Who Hugs the Sea (2025)

In Who Hugs the Sea, Egyptian filmmaker Mahmoud Mahmoud delivers a deeply meditative short that drifts between dream and reality, emotion and abstraction. Known for blending spiritual reflection with cinematic experimentation, Mahmoud—an independent director and screenwriter, member of both the Egyptian Syndicate of Cinematic Professions and the Australian Academy of Cinema & Television—once again uses film as a poetic vessel for human experience.

This is not a movie to be “understood” so much as felt. Mahmoud’s storytelling draws inspiration from masters like Tarkovsky, Kim Ki-duk, and Fellini, using silence, symbolism, and shifting time as his tools. The result is an experience closer to visual poetry than traditional narrative.

At its heart, Who Hugs the Sea is about the quiet battles within the human spirit—the longing for connection, the sorrow that lingers unspoken, and the fragile border between body and soul. The film’s title itself becomes a haunting metaphor: inside each of us, there is a sea that longs for an embrace.

Visually, the film is striking. Cinematographer Dr. Tamer Radwan paints with light and shadow, creating frames that resemble oil canvases rather than moving images. The editing by Omar Miro and Caroline gives the film a rhythm that feels almost psychological—fluid, meditative, and sometimes jarring, as dreams often are. Mahmoud even extends his symbolism to the poster, which combines oil painting and digital art to represent two versions of the self—the young man and the old man—as one continuous existence.
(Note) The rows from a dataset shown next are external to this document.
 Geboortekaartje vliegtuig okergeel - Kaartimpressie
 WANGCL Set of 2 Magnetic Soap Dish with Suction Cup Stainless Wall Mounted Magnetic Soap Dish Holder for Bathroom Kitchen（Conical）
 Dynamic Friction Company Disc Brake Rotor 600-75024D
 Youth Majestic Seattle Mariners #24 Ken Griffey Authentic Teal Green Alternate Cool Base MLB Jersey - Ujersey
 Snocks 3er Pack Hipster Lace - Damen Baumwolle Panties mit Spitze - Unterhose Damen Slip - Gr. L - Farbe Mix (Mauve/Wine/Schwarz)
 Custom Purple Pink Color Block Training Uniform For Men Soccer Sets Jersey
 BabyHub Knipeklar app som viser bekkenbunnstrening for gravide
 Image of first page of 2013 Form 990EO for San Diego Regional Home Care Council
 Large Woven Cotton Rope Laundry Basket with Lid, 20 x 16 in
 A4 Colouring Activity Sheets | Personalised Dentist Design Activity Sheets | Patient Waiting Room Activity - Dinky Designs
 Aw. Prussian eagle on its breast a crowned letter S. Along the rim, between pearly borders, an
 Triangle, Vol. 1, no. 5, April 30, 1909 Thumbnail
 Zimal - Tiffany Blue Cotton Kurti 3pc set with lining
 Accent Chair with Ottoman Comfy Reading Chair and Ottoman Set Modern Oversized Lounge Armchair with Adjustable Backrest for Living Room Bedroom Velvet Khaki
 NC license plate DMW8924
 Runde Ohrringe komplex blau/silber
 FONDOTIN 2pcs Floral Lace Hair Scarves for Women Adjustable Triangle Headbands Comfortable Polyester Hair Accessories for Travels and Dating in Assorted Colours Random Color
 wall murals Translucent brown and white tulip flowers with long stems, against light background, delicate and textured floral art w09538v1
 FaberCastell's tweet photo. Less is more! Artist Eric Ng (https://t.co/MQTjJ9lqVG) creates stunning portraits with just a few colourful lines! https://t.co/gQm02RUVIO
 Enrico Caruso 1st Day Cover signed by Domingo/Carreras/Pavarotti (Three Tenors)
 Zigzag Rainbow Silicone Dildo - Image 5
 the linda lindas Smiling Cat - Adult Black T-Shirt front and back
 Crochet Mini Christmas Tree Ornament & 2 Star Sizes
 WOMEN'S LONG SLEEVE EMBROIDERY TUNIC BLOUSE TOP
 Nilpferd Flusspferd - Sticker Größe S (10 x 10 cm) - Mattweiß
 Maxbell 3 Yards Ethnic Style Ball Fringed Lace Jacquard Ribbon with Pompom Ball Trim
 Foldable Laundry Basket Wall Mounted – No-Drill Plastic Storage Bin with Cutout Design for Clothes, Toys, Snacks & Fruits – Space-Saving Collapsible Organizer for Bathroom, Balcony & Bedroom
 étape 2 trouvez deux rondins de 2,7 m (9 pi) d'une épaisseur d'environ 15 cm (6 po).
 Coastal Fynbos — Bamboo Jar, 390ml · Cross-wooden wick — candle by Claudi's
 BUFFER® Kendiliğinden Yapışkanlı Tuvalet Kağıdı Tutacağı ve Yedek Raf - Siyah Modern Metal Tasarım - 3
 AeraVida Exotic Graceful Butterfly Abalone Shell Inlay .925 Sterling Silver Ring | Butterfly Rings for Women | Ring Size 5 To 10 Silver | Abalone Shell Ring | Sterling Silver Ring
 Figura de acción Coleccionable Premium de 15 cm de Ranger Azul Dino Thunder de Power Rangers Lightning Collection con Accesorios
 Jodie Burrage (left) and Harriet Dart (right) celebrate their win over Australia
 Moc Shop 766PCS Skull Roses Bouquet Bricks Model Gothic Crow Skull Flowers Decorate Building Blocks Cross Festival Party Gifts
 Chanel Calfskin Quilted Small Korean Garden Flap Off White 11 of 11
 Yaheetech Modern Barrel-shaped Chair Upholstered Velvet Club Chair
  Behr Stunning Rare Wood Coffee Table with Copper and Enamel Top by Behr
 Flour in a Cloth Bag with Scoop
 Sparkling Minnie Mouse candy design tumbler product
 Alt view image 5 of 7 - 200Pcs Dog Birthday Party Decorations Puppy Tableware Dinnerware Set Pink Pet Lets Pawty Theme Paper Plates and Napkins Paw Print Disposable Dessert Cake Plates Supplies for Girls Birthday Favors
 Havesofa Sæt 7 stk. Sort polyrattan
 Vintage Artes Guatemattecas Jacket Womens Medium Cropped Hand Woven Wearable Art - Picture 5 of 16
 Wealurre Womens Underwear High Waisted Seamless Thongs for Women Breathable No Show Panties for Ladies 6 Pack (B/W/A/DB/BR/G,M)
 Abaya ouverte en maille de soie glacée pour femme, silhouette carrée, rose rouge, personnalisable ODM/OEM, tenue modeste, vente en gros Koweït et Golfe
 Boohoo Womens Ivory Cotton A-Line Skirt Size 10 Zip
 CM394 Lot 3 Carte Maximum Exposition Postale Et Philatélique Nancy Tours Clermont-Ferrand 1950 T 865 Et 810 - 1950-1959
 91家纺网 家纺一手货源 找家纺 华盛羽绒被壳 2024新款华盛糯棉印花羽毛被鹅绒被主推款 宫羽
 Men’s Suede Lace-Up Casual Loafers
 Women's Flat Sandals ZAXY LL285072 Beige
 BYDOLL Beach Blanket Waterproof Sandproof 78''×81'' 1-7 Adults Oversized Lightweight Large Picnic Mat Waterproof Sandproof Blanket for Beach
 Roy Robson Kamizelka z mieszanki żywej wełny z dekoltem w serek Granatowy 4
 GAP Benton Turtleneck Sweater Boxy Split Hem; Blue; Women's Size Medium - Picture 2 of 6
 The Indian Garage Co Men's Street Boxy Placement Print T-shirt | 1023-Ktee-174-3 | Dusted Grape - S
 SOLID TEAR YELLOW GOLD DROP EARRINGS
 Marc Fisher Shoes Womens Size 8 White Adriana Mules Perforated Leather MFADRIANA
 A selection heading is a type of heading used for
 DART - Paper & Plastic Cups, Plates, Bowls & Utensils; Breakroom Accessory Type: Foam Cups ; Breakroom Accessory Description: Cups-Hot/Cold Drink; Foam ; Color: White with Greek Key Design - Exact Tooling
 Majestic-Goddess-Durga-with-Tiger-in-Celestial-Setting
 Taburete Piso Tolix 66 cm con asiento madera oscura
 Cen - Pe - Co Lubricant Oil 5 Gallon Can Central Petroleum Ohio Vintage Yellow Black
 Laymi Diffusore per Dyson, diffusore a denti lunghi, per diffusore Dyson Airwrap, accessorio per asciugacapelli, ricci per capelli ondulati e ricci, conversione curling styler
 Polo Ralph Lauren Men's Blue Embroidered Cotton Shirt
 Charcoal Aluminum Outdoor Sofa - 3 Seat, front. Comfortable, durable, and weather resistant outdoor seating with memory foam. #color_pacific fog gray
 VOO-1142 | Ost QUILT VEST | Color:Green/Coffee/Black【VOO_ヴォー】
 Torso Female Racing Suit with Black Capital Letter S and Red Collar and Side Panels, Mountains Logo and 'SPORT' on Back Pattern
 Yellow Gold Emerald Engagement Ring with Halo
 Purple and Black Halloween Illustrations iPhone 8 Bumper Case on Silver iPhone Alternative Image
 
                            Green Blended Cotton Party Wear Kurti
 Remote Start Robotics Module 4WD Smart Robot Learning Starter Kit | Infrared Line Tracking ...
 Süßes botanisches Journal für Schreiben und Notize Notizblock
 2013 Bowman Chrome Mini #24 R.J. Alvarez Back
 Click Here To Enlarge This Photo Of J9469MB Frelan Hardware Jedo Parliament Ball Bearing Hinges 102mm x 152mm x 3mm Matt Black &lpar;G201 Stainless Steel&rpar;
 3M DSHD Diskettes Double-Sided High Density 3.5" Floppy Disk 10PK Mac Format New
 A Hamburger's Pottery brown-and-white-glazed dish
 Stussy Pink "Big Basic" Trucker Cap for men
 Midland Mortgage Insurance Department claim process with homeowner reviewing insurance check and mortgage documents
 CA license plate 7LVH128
The performances are understated but resonant. Hussein Nakhla and Ahmed Ihab embody two generations weighed down by memory and desire, while Rola, separated from the world by a glass partition, becomes a symbol of closeness and distance—present but unreachable. Mostafa El-Meligy and Youssef Al-Obaid inject flashes of absurdity and dark humor that ground the abstraction in humanity.

Music is used not as background but as language. With songs by Yousry El-Assili and a haunting score by Mostafa Goweda, sound becomes both mirror and memory—war merging with warmth, sorrow turning into melody. Mahmoud’s use of silence is equally deliberate: at times, it feels heavier than any dialogue.

Some viewers may find Who Hugs the Sea challenging; it resists linear storytelling and embraces ambiguity. Yet, that is precisely its strength. Mahmoud invites the audience not to decode his film, but to surrender to it—to drift, to reflect, to feel.

In a cinematic landscape often driven by clarity and speed, Who Hugs the Sea dares to be still, to listen to the quiet noise of the soul. It’s a film that doesn’t just tell a story—it breathes one.

Verdict: A contemplative, visually rich meditation on memory and longing. Who Hugs the Sea reaffirms Mahmoud Mahmoud as one of the most sincere and visionary voices in contemporary Arab independent cinema.